Ayette ne diyorlar? Bizi yeniden dünyaya gönder bu sefer iyi işler yapanlardan olalım. Allah ne diyor? Sizin için hatırlayıp bileceğiniz kadar bir süre size zaten verilmedi mi?

Bizim boyutumuzda bilgelik ile gelen aydınlanma, Allah katında basit bir formda "hatırlama" olarak geçiyor. Çoban da olsan, dilenci de olsan, kral da olsan, gözlem ve akletme yolu ile genetiğinde kodlu olan ilahi kanunlarla buluşmana mutlaka müsaaden oluyor. Bi an için bile olsa aydınlanıyorsun ve aczini farkediyorsun. Bu da hayatının bir çok döneminde sana yaşatılıyor. Ama bilinçli olarak umursamamayı, üstüne gitmemeyi, bilgeligi pekiştirmeden ötelemeyi kendin seçiyorsun. Bu seçimlerin de ahiret denen Z raporunda sana an an, gün gün, yıl yıl, teker teker gösteriliyor. Böylece bu dünyaya niçin geldiğini de taaaa yolun sonunda anlıyorsun. Dünyaya tarafını her seçiminde belli etmek için geldin. Kendine bahaneler uydururken bile, kendini içinden yani gizlediğin niyetinin oluştuğu yerden gördüğünde anlıyorsun..
 
Son düzenleme:
Çift yarık deneyi, bu saatten sonra maddenin sadece bilinci baz alacağını gösterdi.

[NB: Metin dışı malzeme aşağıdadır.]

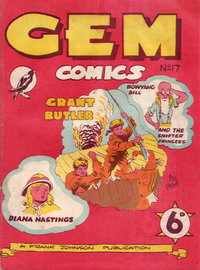 Gem Comics (Frank Johnson, 1946 series)  #17 ([March 1948])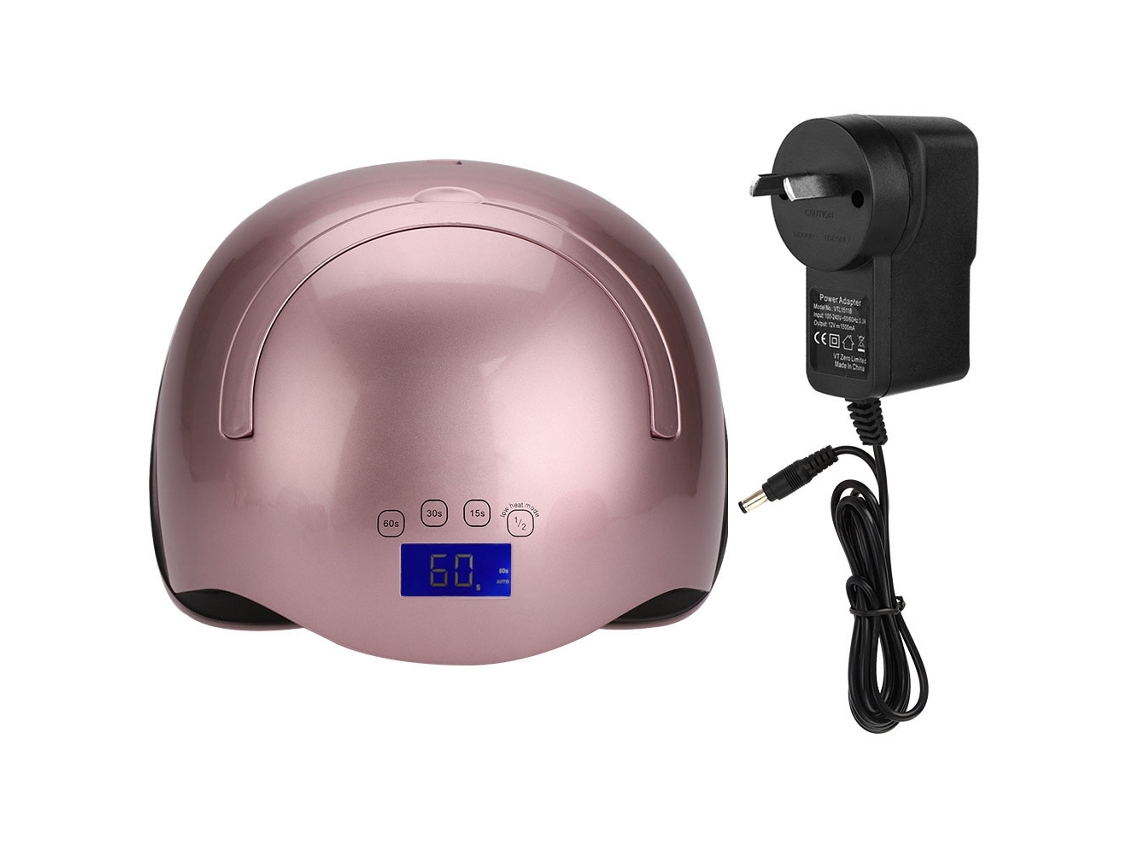Lâmpada Uv Led Inteligente 58w Para Secar Esmaltes De Unhas, Máquina De Cura Para Manicure Ferramenta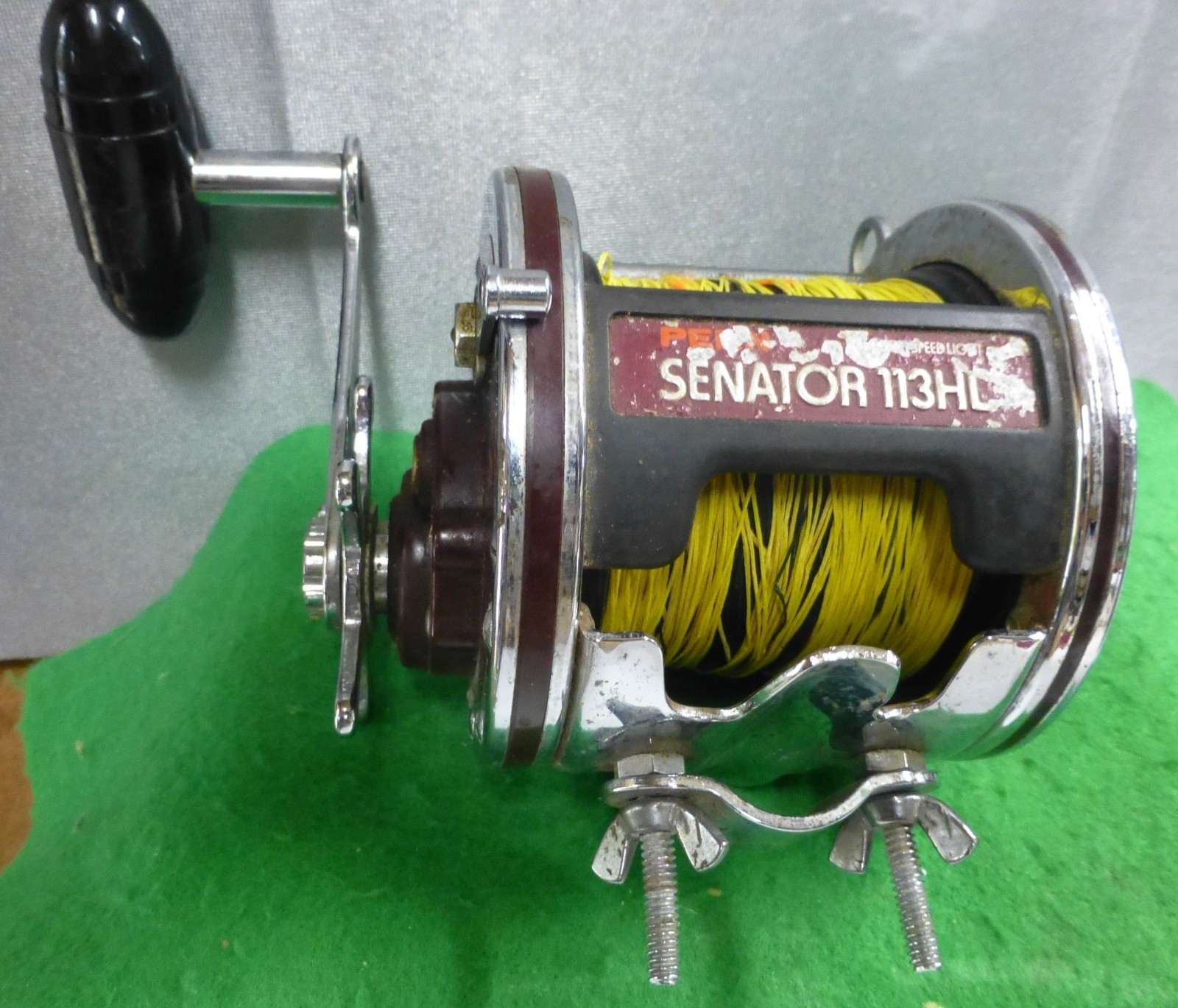 PENN SENATOR REEL II 4/0 SPECIAL 113 H L hr
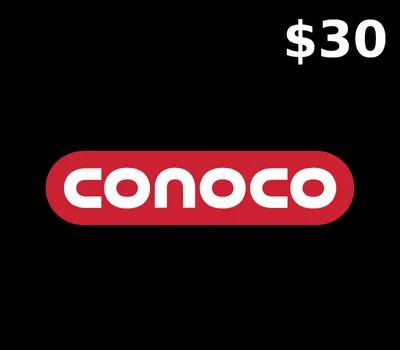 Conoco USD 30 Gift Card US — лицензионный ключ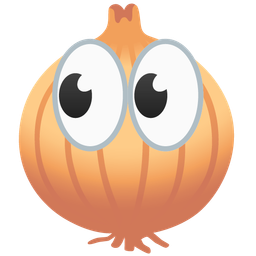 eyes and onion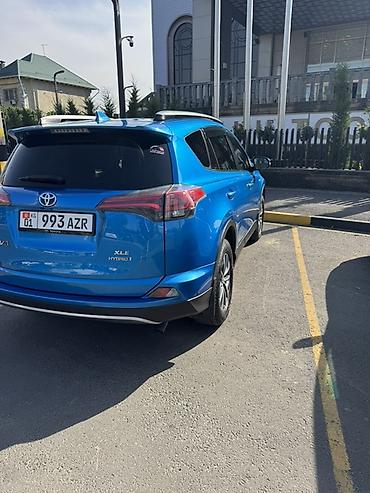Ravon: Toyota RAV4: 2017 г., 2.5 л, Автомат, Бензин, Кроссовер — 6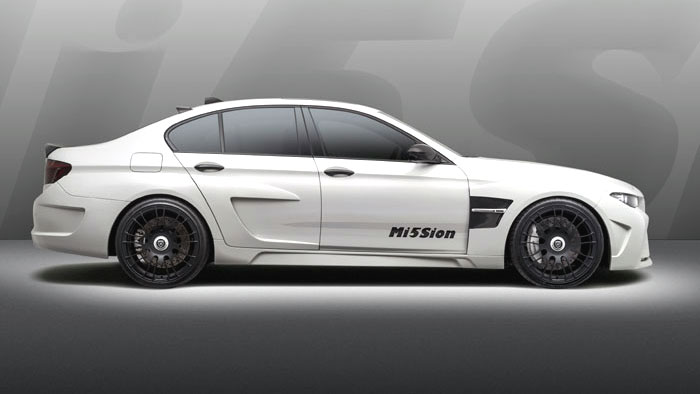 Premiere in Genf: Aus BMW M5 wird Hamann Mi5Sion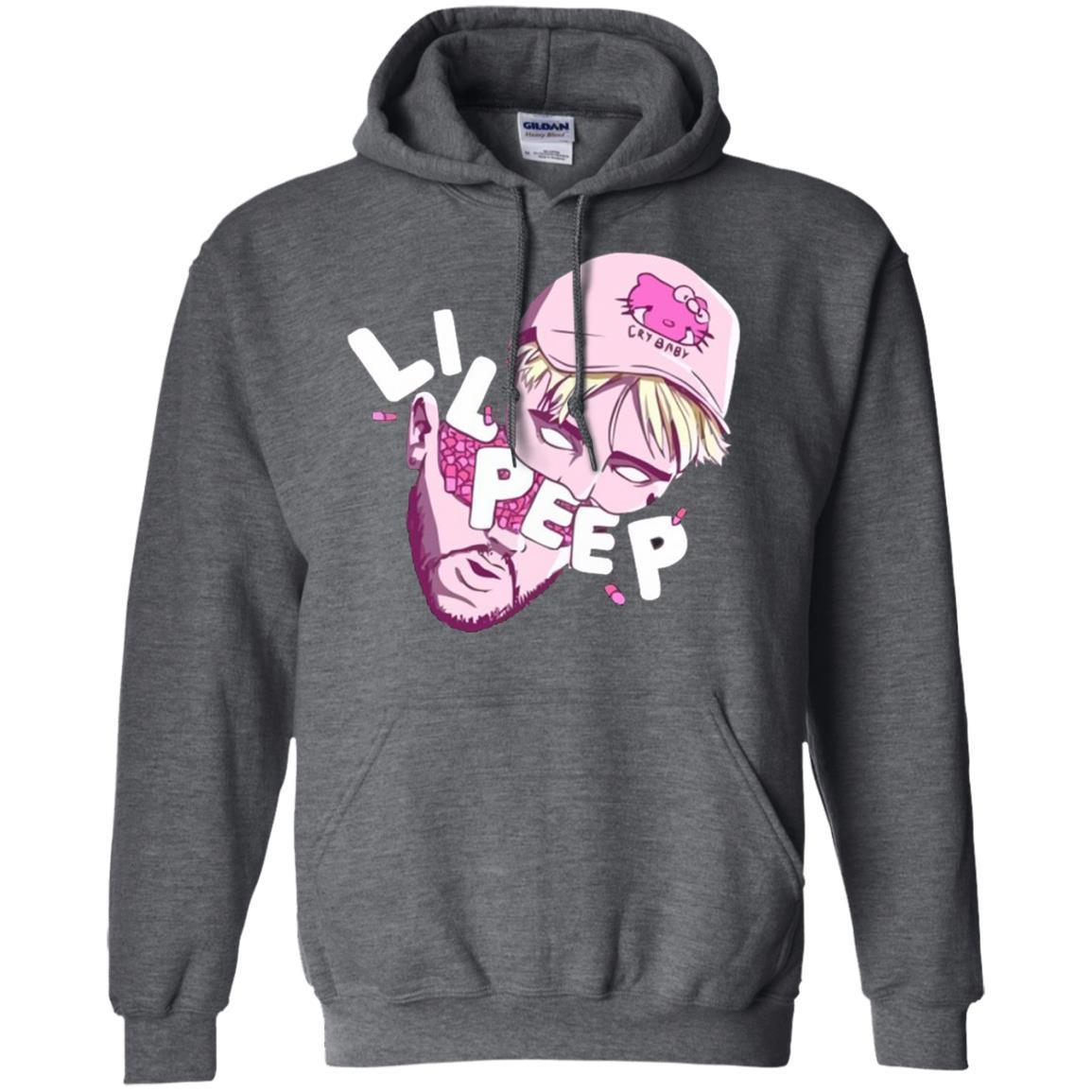 cry baby lil peep hoodie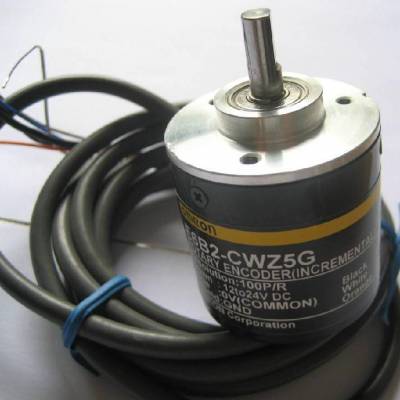 欧姆龙omron增量型旋转编码器E6B2-CWZ1X脉冲 600 1000PR 2000P/R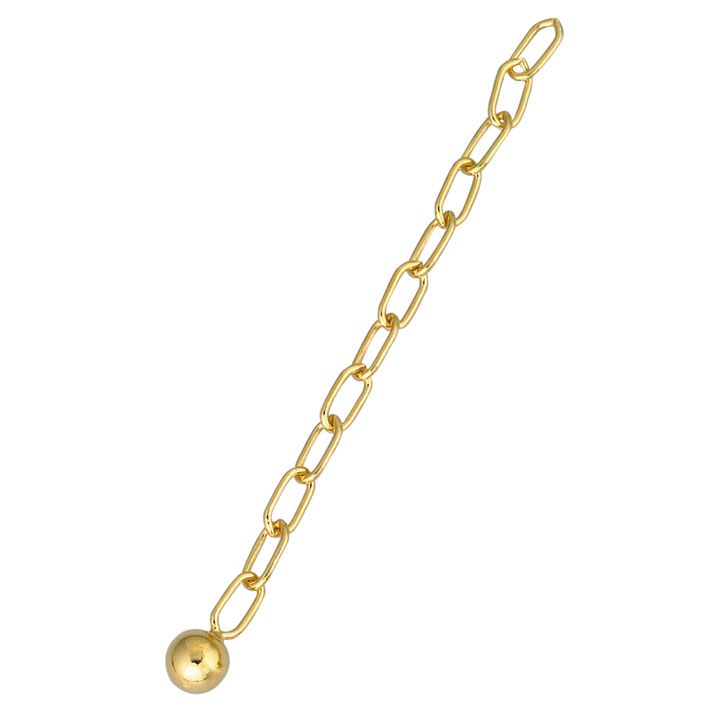 Extension chain YG 585/-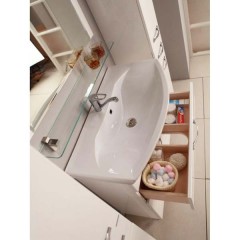 Раковина мебельная Акватон Смайл 80 1WH207783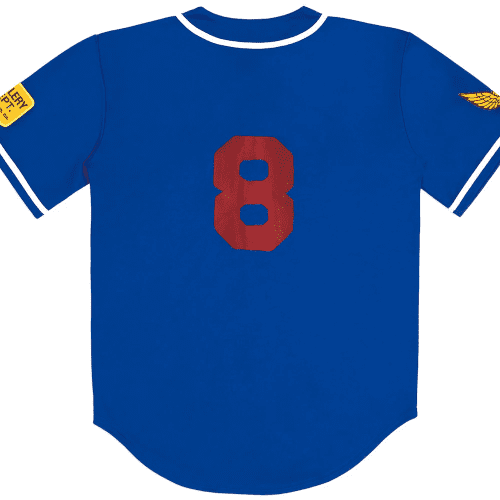 Gallery Dept Echo Park Baseball Jersey Blue 2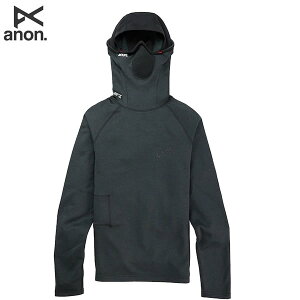 uSi10-16{ 2608v24-25 ANON t@[XgC[ MFI Midweight LS Balaclava Face Mask 23767100: Ki/Am/Xm[{[h/Xm{/snow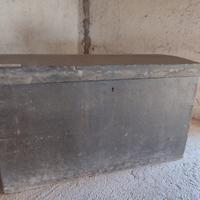 Baule cassapanca in legno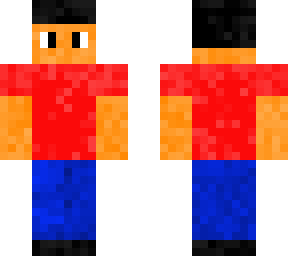 dan - red tee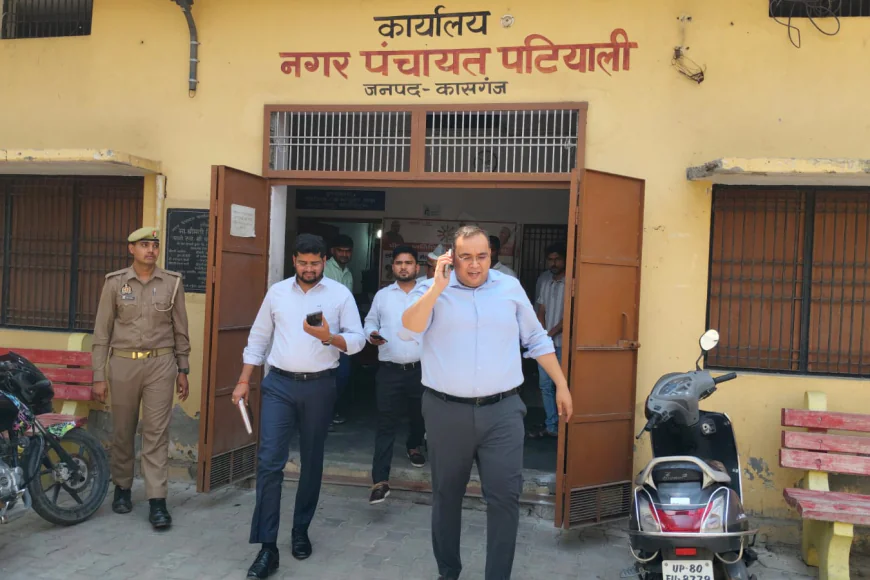 Kasganj news गौशालाओं में संरक्षित गोवंश के भरण-पोषण हेतु सहयोग की अपील।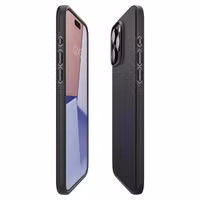 Spigen Thin Fit Backcover Apple iPhone 15 Pro - Zwart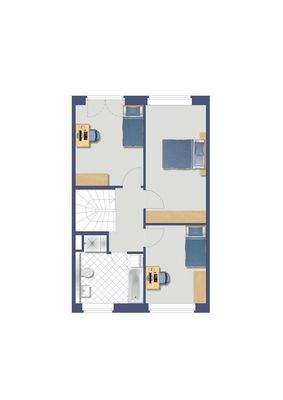 Grundriss 1. Obergeschoss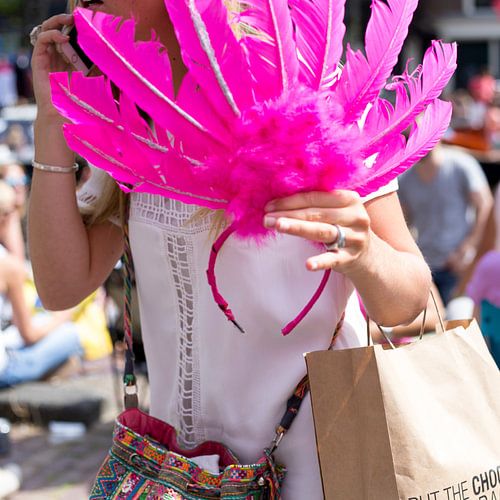 début de la Gay pride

Nokta.
Atomlar, bir gözlemcinin görüş alanındayken, taş ocaklarında kırbaç yememek için hızla çalışan köleler gibi düzenli davranıyorlar.
Gözlemci yokken de daha serbest, rastgele, boşlamış gibi yani enerji koruma moduna alınmış gibi davranıyorlar.

İşin garibi gözlemci var mı yok mu hemen farkediyorlar. Gözlemcinin görüş alanını bile farkediyorlar. Gözlemci bir koridorda yavaş yavaş yürüdükçe, atomlar da aralarında hızla haberleşmeye başlıyorlar. Beyler gözlemci geliyor hadi hadi hadi canlanın canlanın misali ... Bloc chain sistemi ile bağlılar çünkü. Bloc chain ise eş zamanlılıktır. Dünyanın bir ucundaki bir atomdan, dünyanın öbür ucundaki bir atom real time olarak haberdardır.

O halde madde (dünya hayatı) düşük bilinçlilere göre başka davranır. Yüksek bilinçlilere göre başka davranır. Bazı bilinçlerde ise öz farkındalık yoktur. Kuranda bu kişiler ölü olarak nitelenir. Yani farkındalık ayırdedemezler. Bu kişilerin Yaptıkları gözlem atomları ne derece uyarır o da bilinmez. Ama atomların kimin ne kadar yüksek şuur ile gözlem yaptıklarını daha iyi şeçebildiklerini söyleyebiliriz.

Ben bu gözlem gücüne nur diyorum. Nurlu insanlar atomları daha iyi uyarırlar.
Ahiretin varlığı ile bunun alakasını kurmayı da size bırakıyorum. Arada sadece tek bir boşluk var.